RECORDS FOR PROCESSING
....
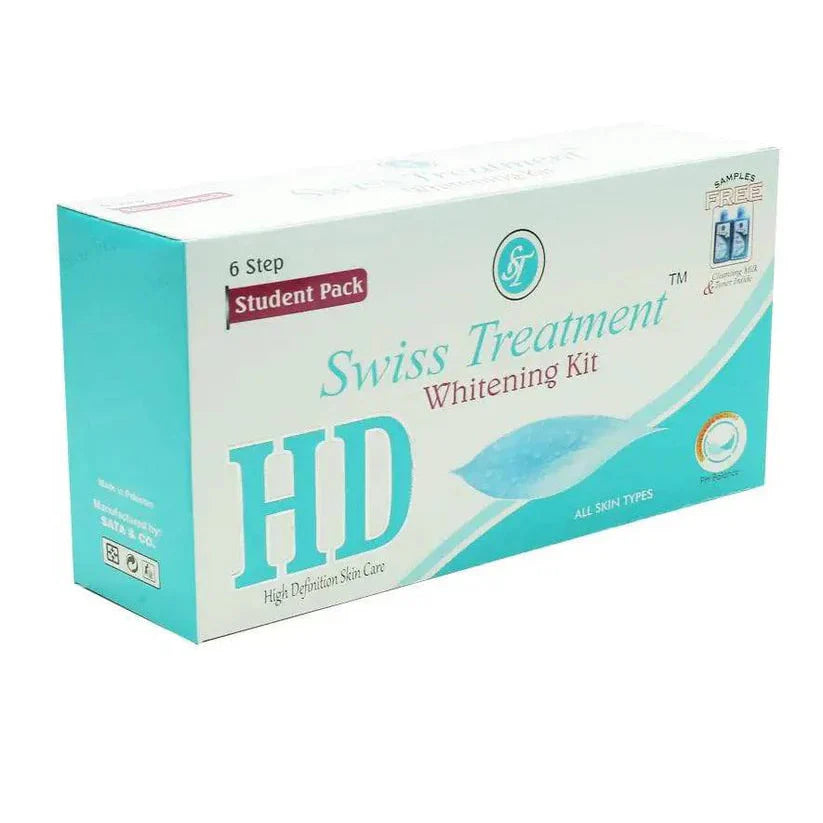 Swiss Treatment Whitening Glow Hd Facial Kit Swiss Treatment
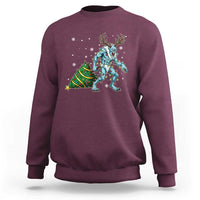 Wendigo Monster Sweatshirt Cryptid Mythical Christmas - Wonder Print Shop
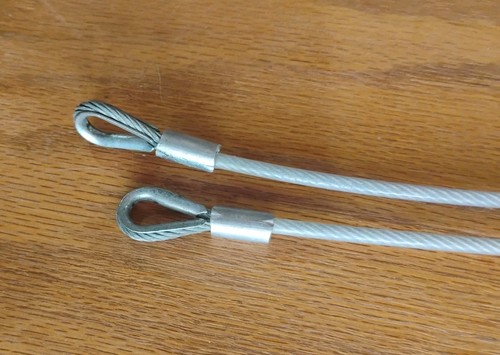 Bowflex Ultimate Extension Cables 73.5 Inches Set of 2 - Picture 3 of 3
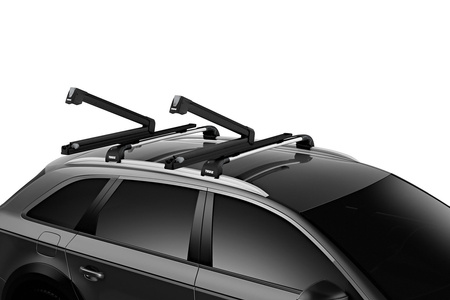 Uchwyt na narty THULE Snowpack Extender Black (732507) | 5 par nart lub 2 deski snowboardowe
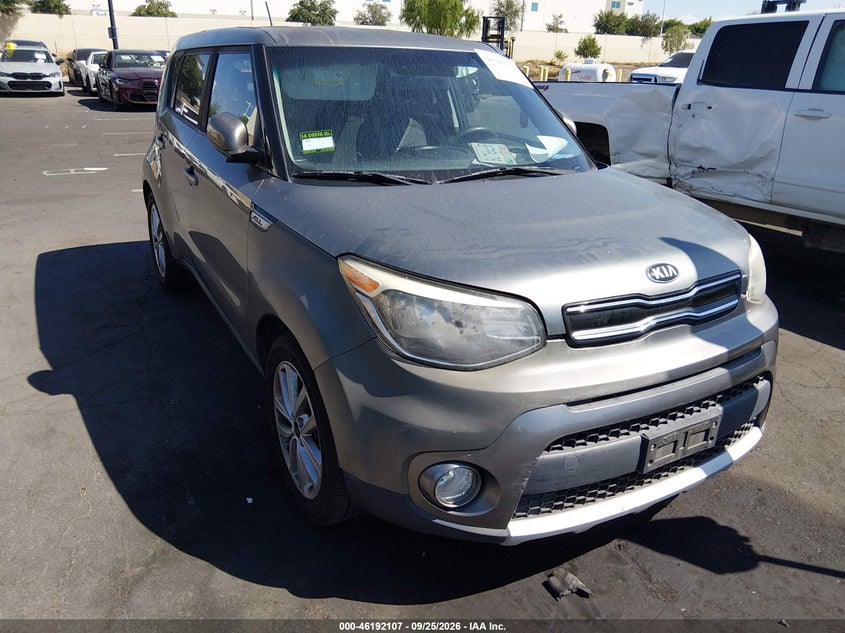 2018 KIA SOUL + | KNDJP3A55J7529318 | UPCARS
....
Leave out the pictures, and extract exactly the lines from the one with "Wendigo Monster Sweatshirt" through the end of the records, both ends included.

EXERCISE RESULT
 Wendigo Monster Sweatshirt Cryptid Mythical Christmas - Wonder Print Shop
 Bowflex Ultimate Extension Cables 73.5 Inches Set of 2 - Picture 3 of 3
 Uchwyt na narty THULE Snowpack Extender Black (732507) | 5 par nart lub 2 deski snowboardowe
 2018 KIA SOUL + | KNDJP3A55J7529318 | UPCARS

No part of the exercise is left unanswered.